### [What is being asked]
Your task is to restate the listing word for word without the pictures.

### [Given data]
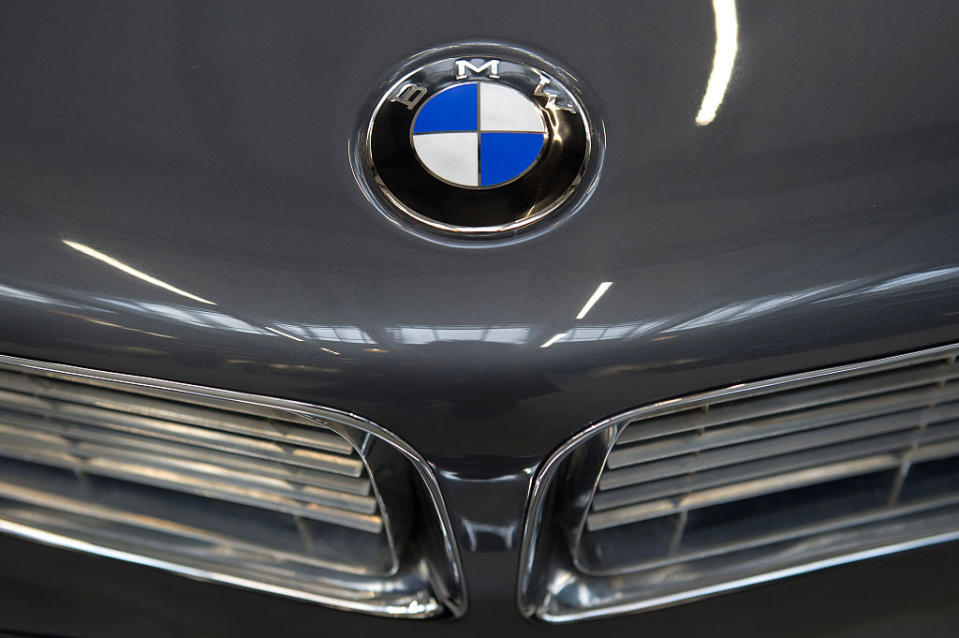 Close-up of a BMW car hood showing the BMW logo and part of the car's front grill, highlighting luxury in automotive design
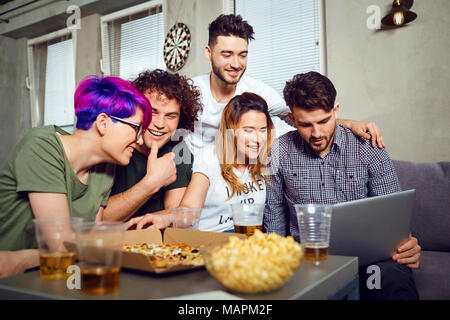 A group of friends of students in leisure with a laptop together Stock Photo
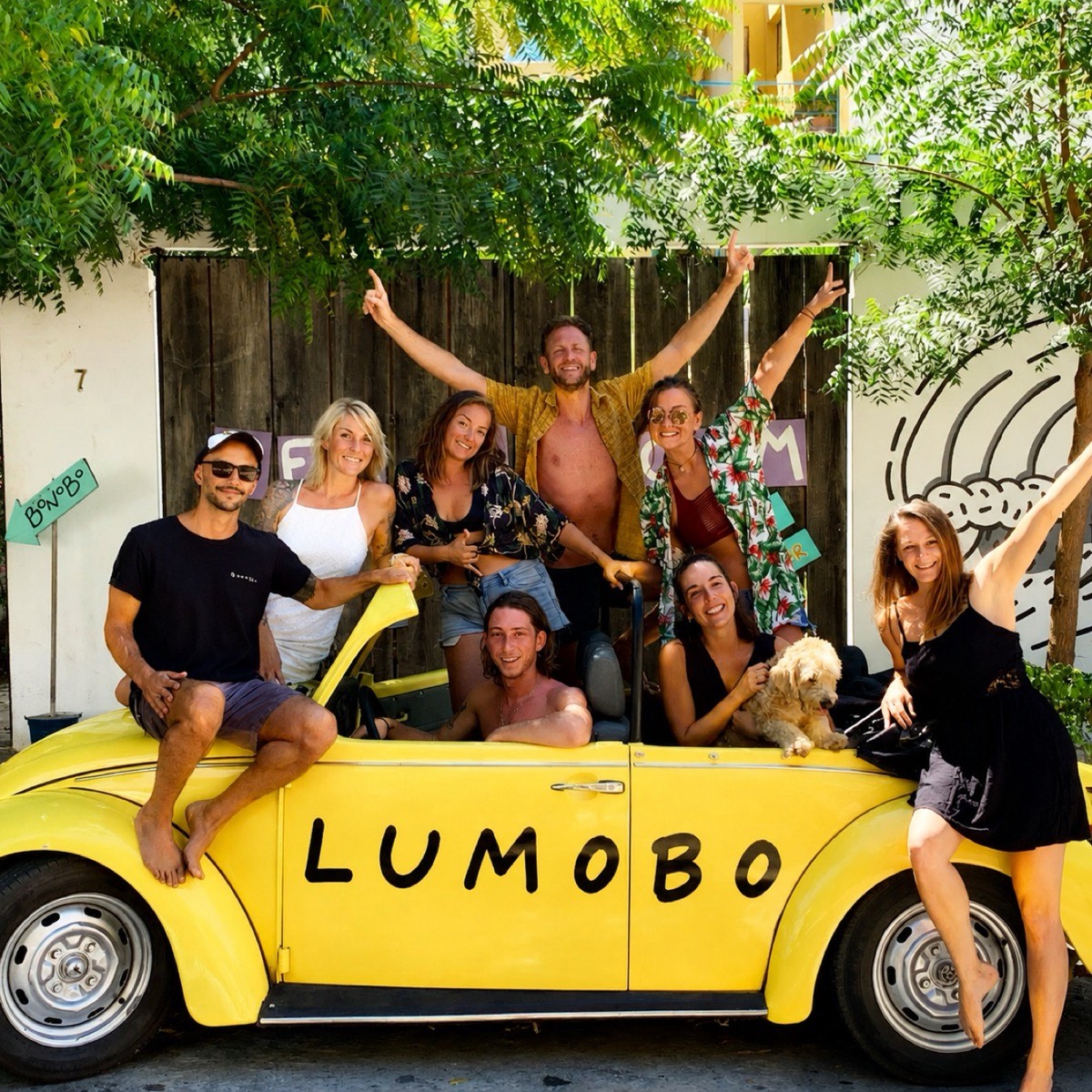 A yellow VW Beetle painted LUMOBO, packed with laughing friends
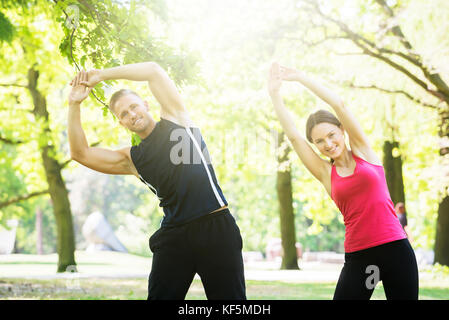 Photo Of Young Couple Exercising Together In Park Stock Photo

### [Worked solution]
 Close-up of a BMW car hood showing the BMW logo and part of the car's front grill, highlighting luxury in automotive design
 A group of friends of students in leisure with a laptop together Stock Photo
 A yellow VW Beetle painted LUMOBO, packed with laughing friends
 Photo Of Young Couple Exercising Together In Park Stock Photo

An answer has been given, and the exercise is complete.